My idea was that if you want to deliberately walk the next batter, let the outfielder do it, because he can do as well as the starter (after taking up 8 warm up pitches to rest the pitcher). In an intentional walk, the batter doesn't even get an "at bat." –  Tom Au Jun 9 at 19:13
    
@TomAu Also, in your article you mention having Swisher throw the warm up pitches and then go 1-0 to the hitter. Putting the pitcher back in is not allowed until one at bat is completed by the pitcher. –  diggers3 Jun 9 at 19:15
    
So an intentional walk wouldn't count as such? Or did you mean plate appearance? –  Tom Au Jun 9 at 19:16

This can happen - Whitey Herzog used to do this every so often in the 1980s to stash a pitcher while some specialist pitched to a batter or so.

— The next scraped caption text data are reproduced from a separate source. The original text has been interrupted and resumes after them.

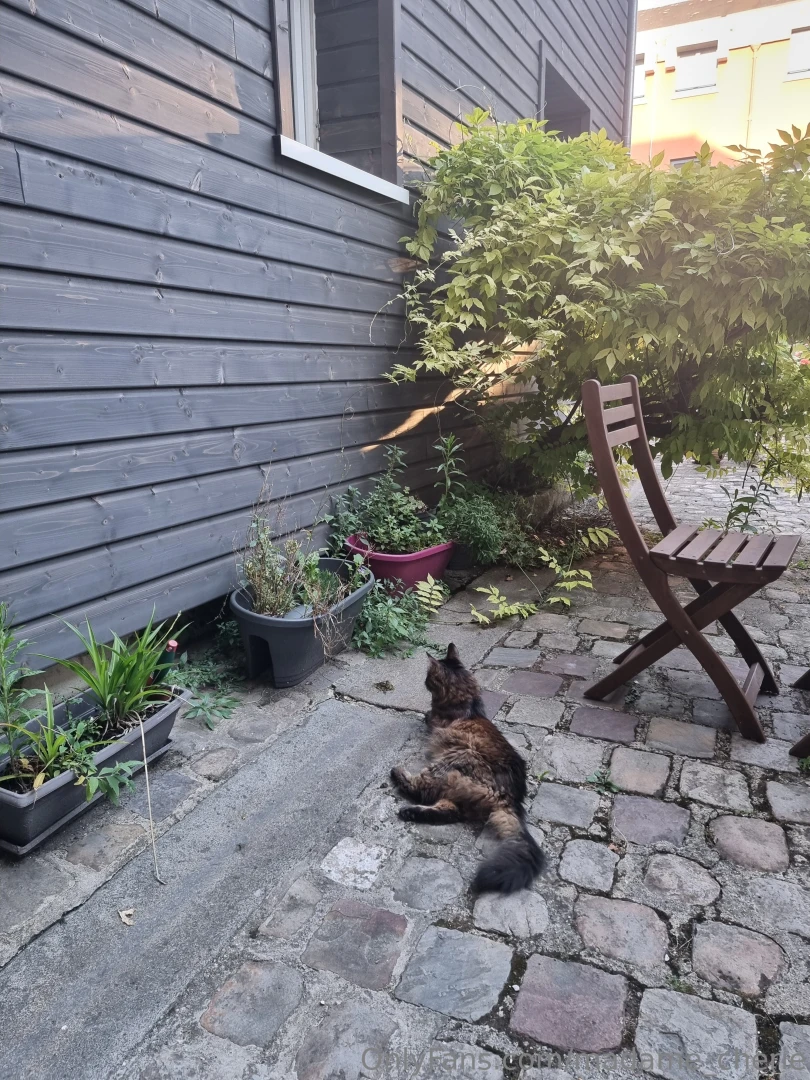 Hey loves i know it s been quiet on here for a few weeks life has been 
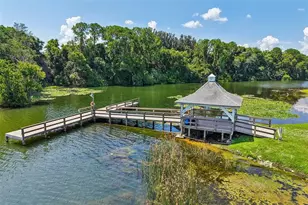 1433 Apache Cir, Tavares, FL 32778 - Photo 45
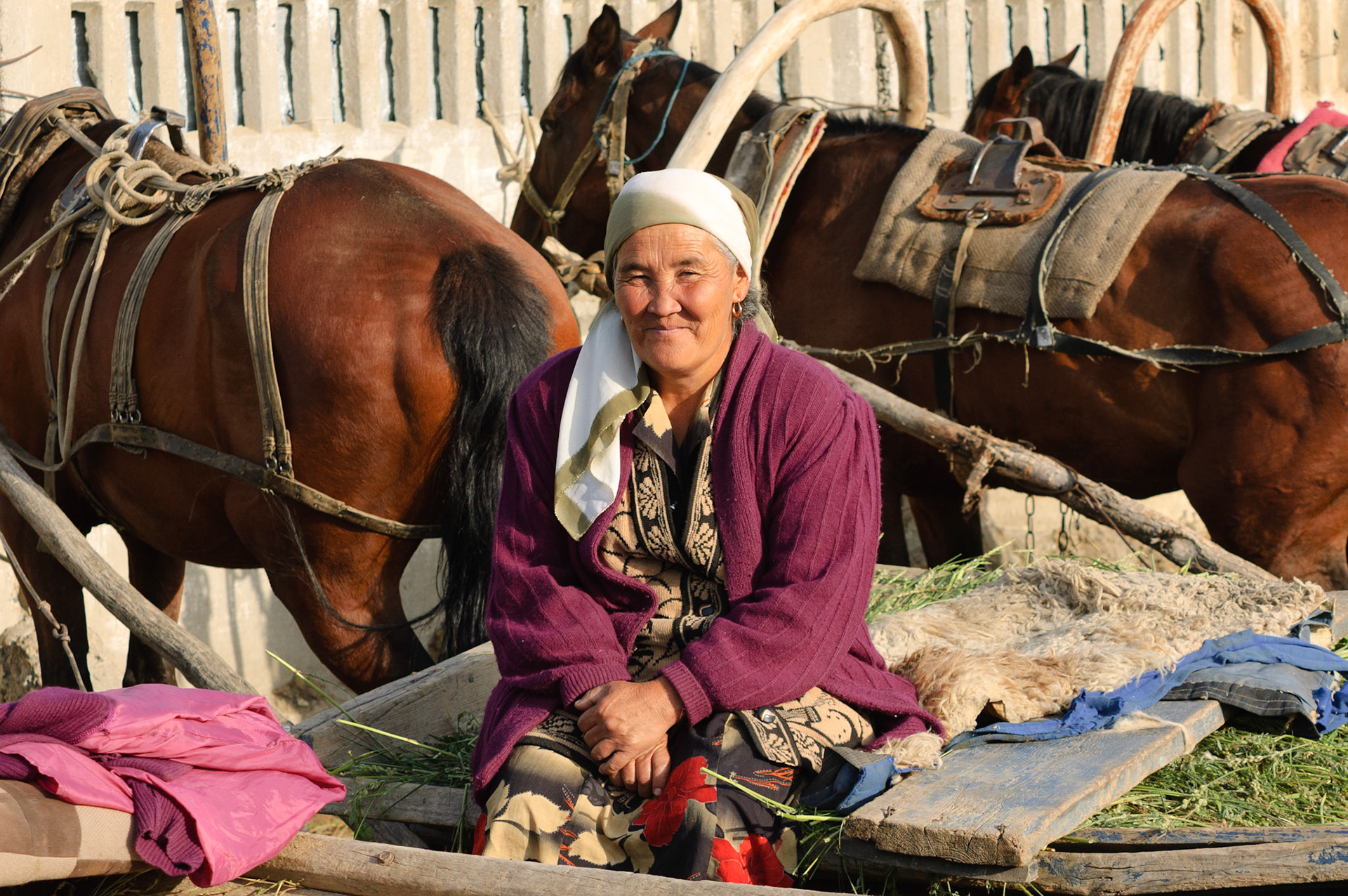 transport parking at animal market, Karakol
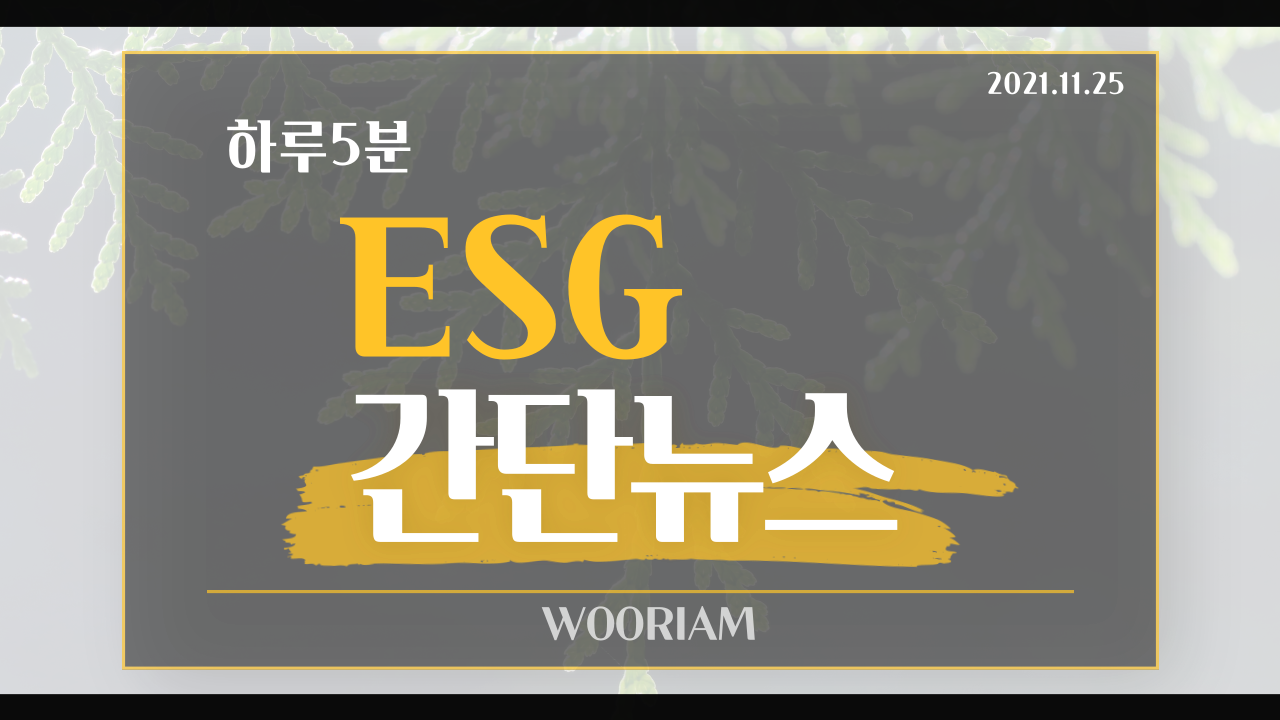 유튜브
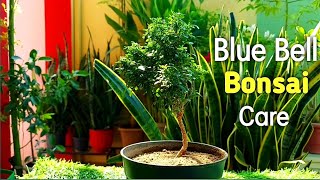 How to care Blue Bell Bonsai  Desmodium plant  ब्लू बैल बोन्साई प्लांट की केयर कैसे करे [upl. by Dara]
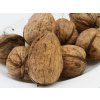 Ořešák 'Bohumil'  Juglans regia 'Bohumil'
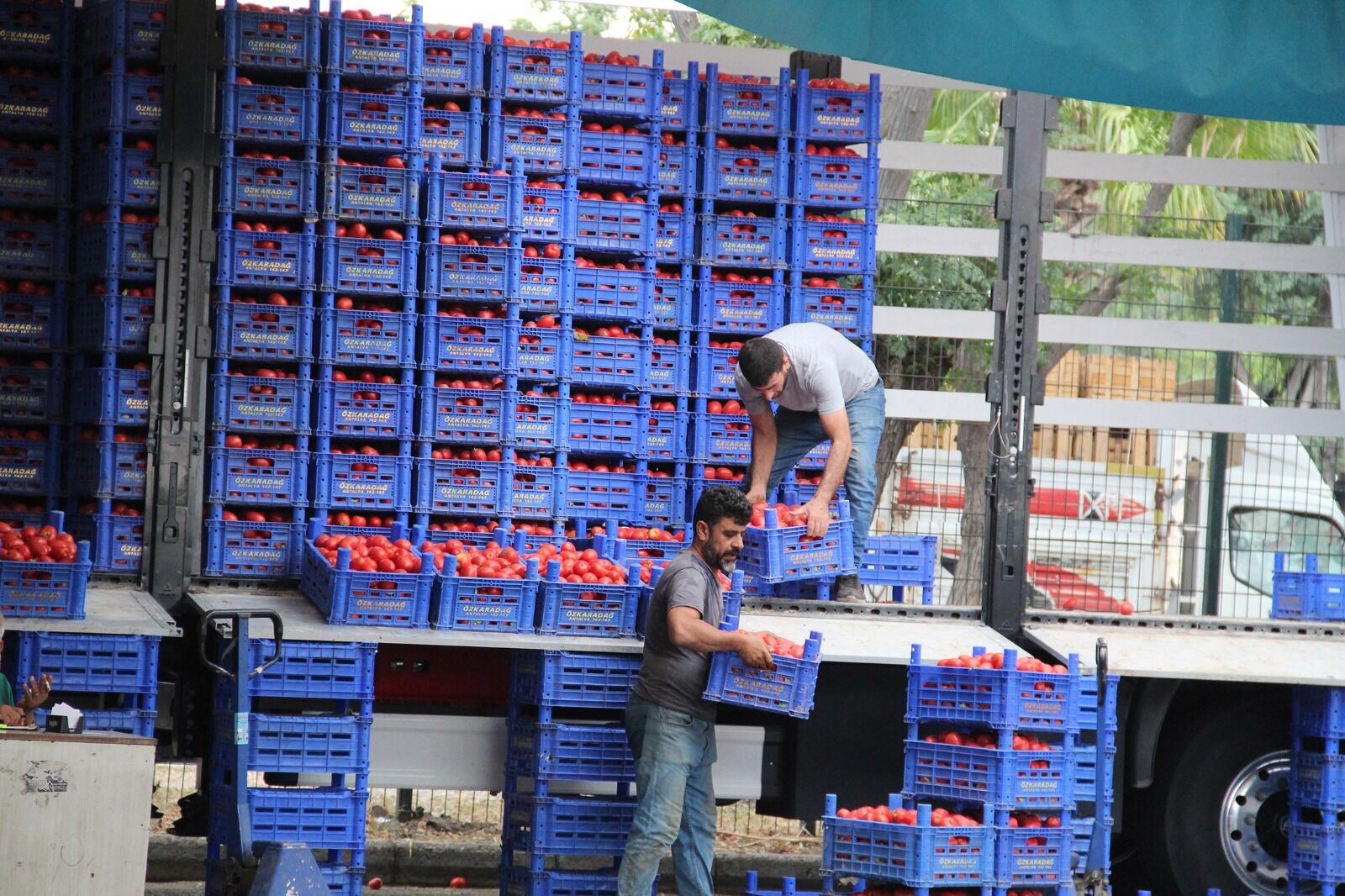 Antalyanın Dev Tarım Firması Battı Mı Antalya Toptancı Halinde Büyük Panik (4)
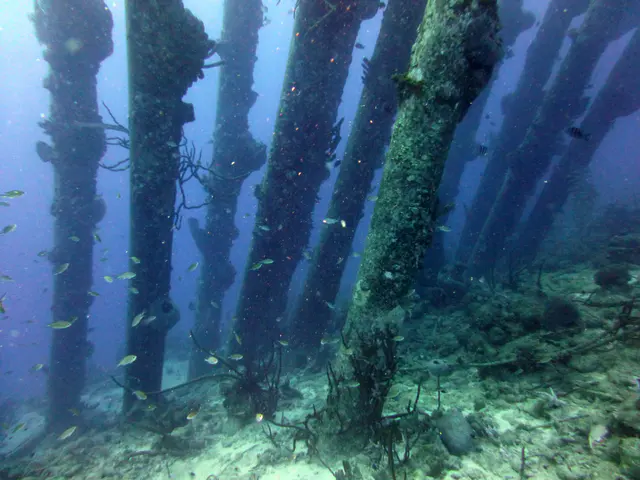 Underwater photograph by Joel Bergsma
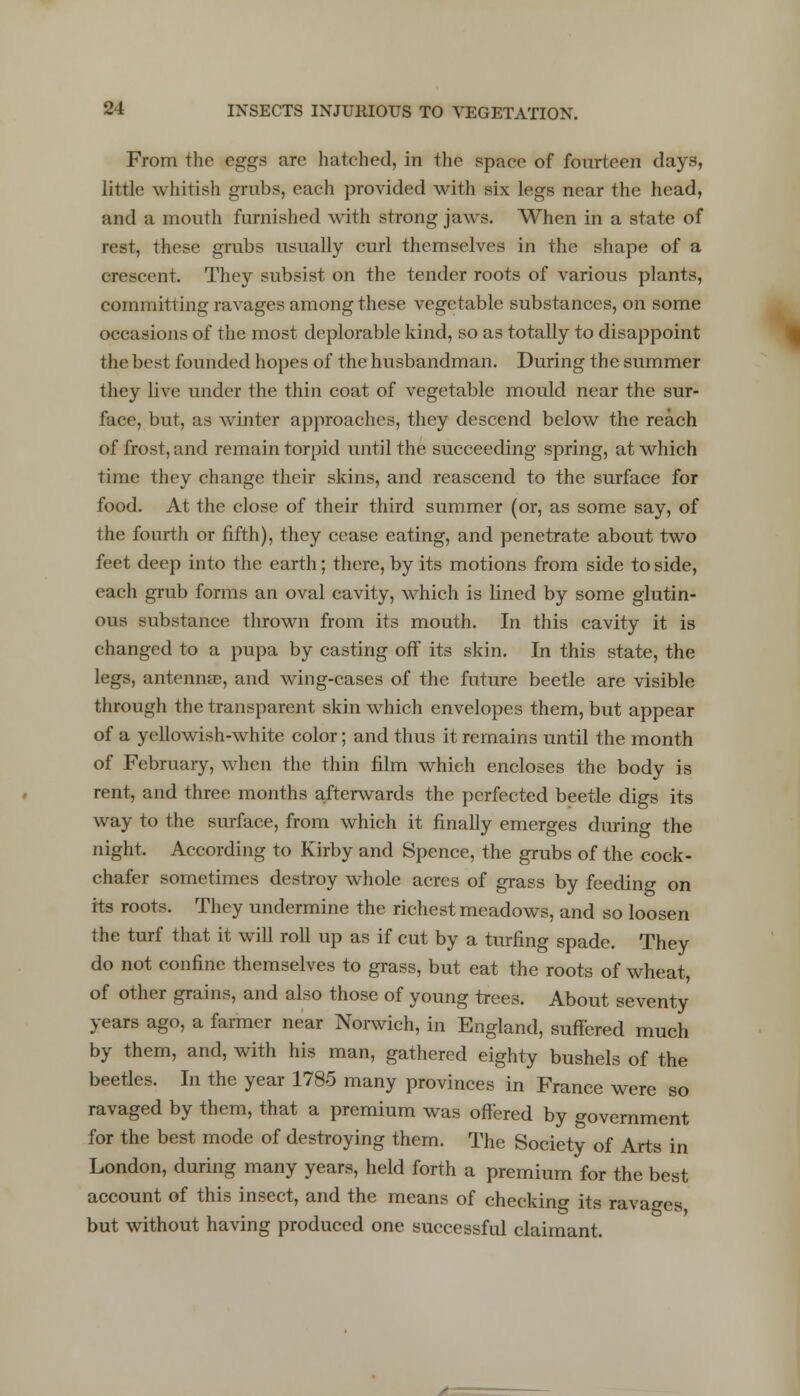 From the eggs are hatched, in the space of fourteen days, little whitish grubs, each provided with six legs near the head, and a mouth furnished with strong jaws. When in a state of rest, these grubs usually curl themselves in the shape of a crescent. They subsist on the tender roots of various plants, committing ravages among these vegetable substances, on some occasions of the most deplorable kind, so as totally to disappoint the best founded hopes of the husbandman. During the summer they live under the thin coat of vegetable mould near the sur- face, but, as winter approaches, they descend below the reach of frost, and remain torpid until the succeeding spring, at which time they change their skins, and reascend to the surface for food. At the close of their third summer (or, as some say, of the fourth or fifth), they cease eating, and penetrate about two feet deep into the earth; there, by its motions from side to side, each grub forms an oval cavity, which is lined by some glutin- ous substance thrown from its mouth. In this cavity it is changed to a pupa by casting off its skin. In this state, the legs, antennas, and wing-cases of the future beetle are visible through the transparent skin which envelopes them, but appear of a yellowish-white color; and thus it remains until the month of February, when the thin film which encloses the body is rent, and three months afterwards the perfected beetle digs its way to the surface, from which it finally emerges during the night. According to Kirby and Spence, the grubs of the cock- chafer sometimes destroy whole acres of grass by feeding on its roots. They undermine the richest meadows, and so loosen the turf that it will roll up as if cut by a turfing spade. They do not confine themselves to grass, but eat the roots of wheat, of other grains, and also those of young trees. About seventy years ago, a farmer near Norwich, in England, suffered much by them, and, with his man, gathered eighty bushels of the beetles. In the year 1785 many provinces in France were so ravaged by them, that a premium was offered by government for the best mode of destroying them. The Society of Arts in London, during many years, held forth a premium for the best account of this insect, and the means of checking its ravages but without having produced one successful claimant.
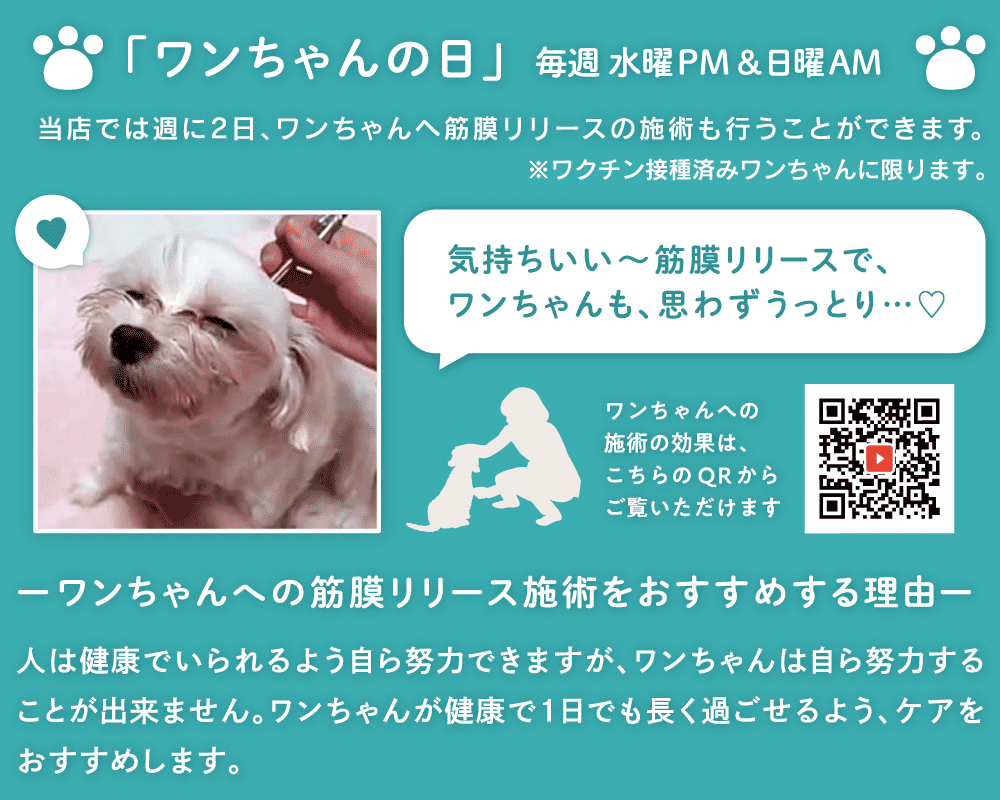 犬の日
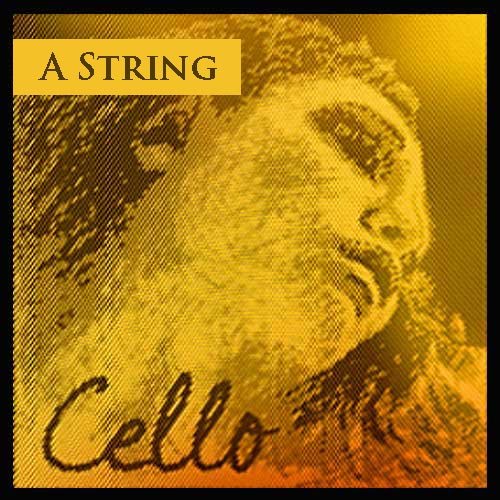 Pirastro Evah Pirazzi Gold Cello A String - Image 2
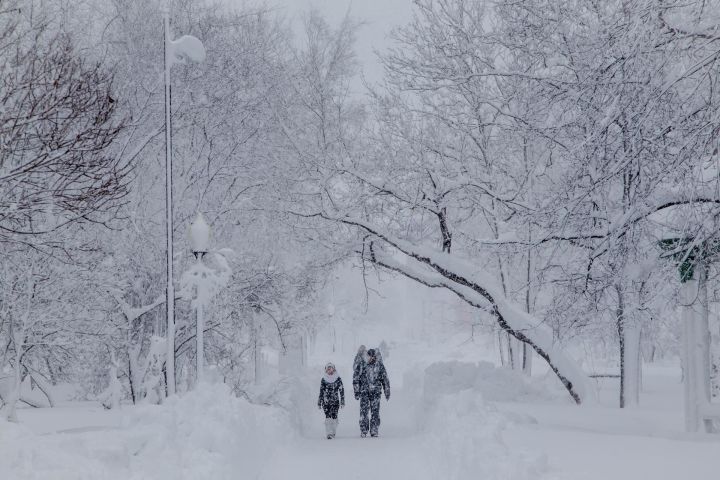 Юлларда сак йөрегез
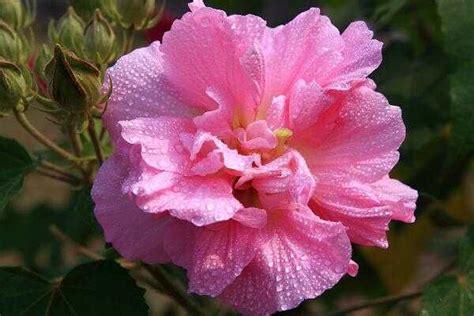 芙蓉一般代表什么意思，芙蓉花的美丽／山的历史意义／象征意义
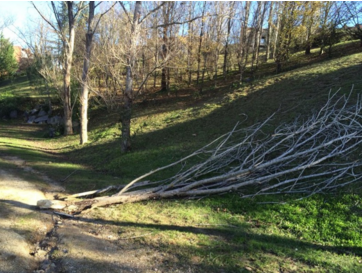 El fort vent acostuma a deixar imatges com aquesta a Sant Cugat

It isn't prevalent because:

  • It puts a bad fielder in the field and a worse hitter at bat for your original outfielder.
  • It burns up a relief pitcher once you switch back. And there just aren't that many bench players on a team to do this very often per game.
  • Most often when your pitcher needs replacing, he's done for the day.
  • If a regular position player can pitch, he becomes a full-time pitcher. Aside from novelty appearances, a non pitcher pitching gets blown out.